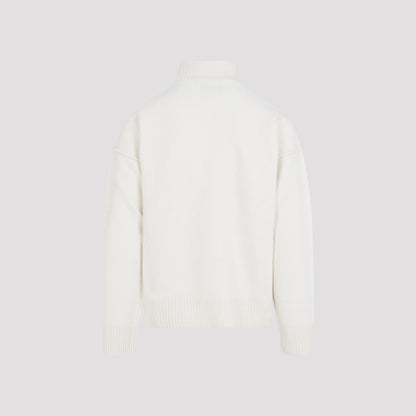AMI Paris Pullover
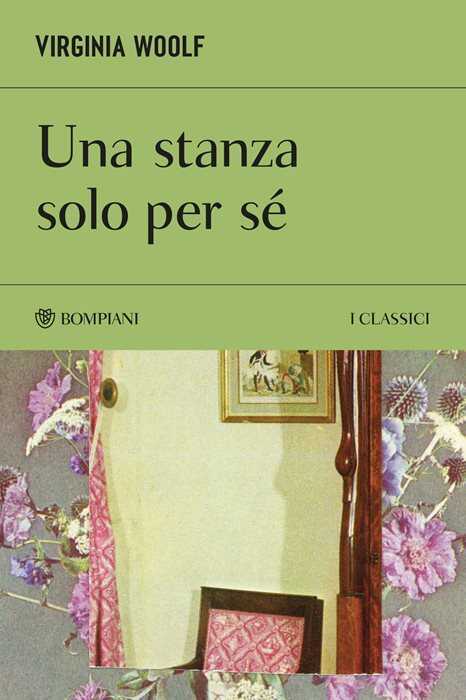 Una stanza solo per sé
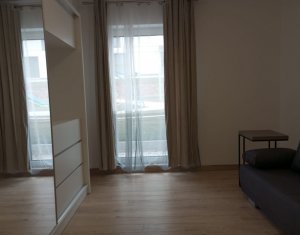 Lakás 2 szobák kiadó on Cluj-napoca, Zóna Zorilor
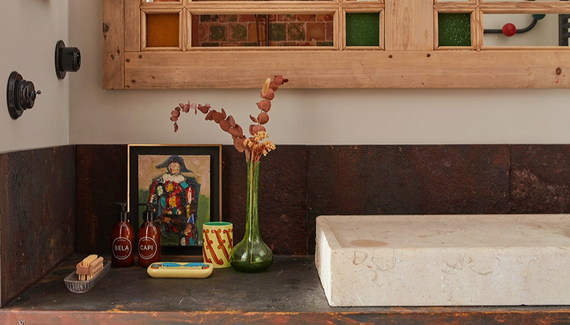 Maisons 322 La Flamboyante - Gallery
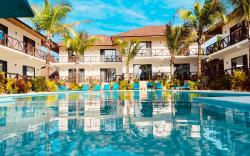 Sand Beach Boutique Hotel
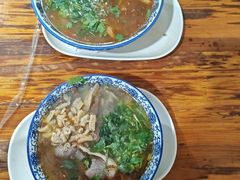-叶新小吃店(来凤小区总店)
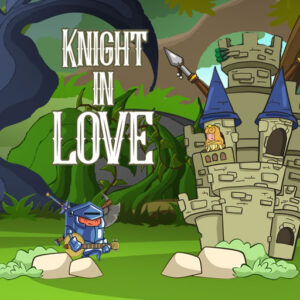 Knight in Love Game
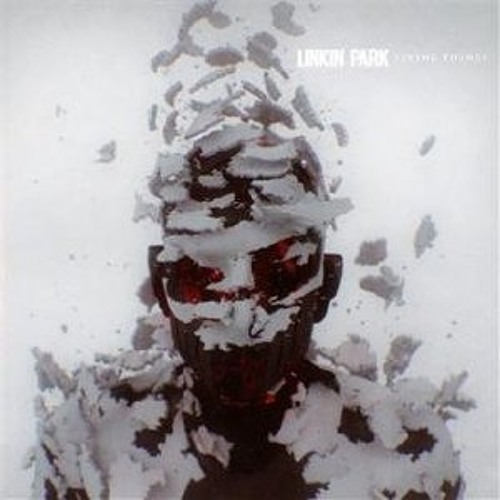 ภาพปกอัลบั้มเพลง Linkin Park-In My Remains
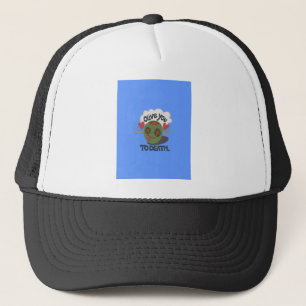 Casquette Beau Cool J'aime Afrique Art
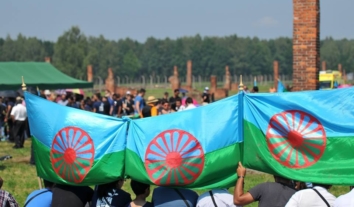 Документи, освіта і житло: з якими проблемами стикається ромська нацменшина в Україні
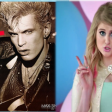 White Wedding x All About That Bass (Billy Idol vs Meghan Trainor)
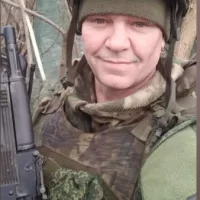 Vilgelm Igor Aleksandrovich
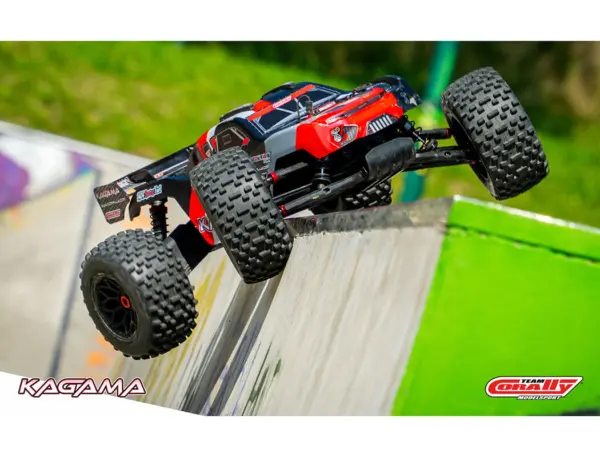 Corally Kagama Xp 6S Roller – RC Monster Trucks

☆ ☆ ☆

_Exercise prompt:_ Repeat only what runs from the first line of the records above to the line with "Casquette Beau Cool J'aime Afrique Art", both included, word for word, minus the pictures.

_Exercise response:_
AMI Paris Pullover
 Una stanza solo per sé
 Lakás 2 szobák kiadó on Cluj-napoca, Zóna Zorilor
 Maisons 322 La Flamboyante - Gallery
 Sand Beach Boutique Hotel
-叶新小吃店(来凤小区总店)
 Knight in Love Game
 ภาพปกอัลบั้มเพลง Linkin Park-In My Remains
 Casquette Beau Cool J'aime Afrique Art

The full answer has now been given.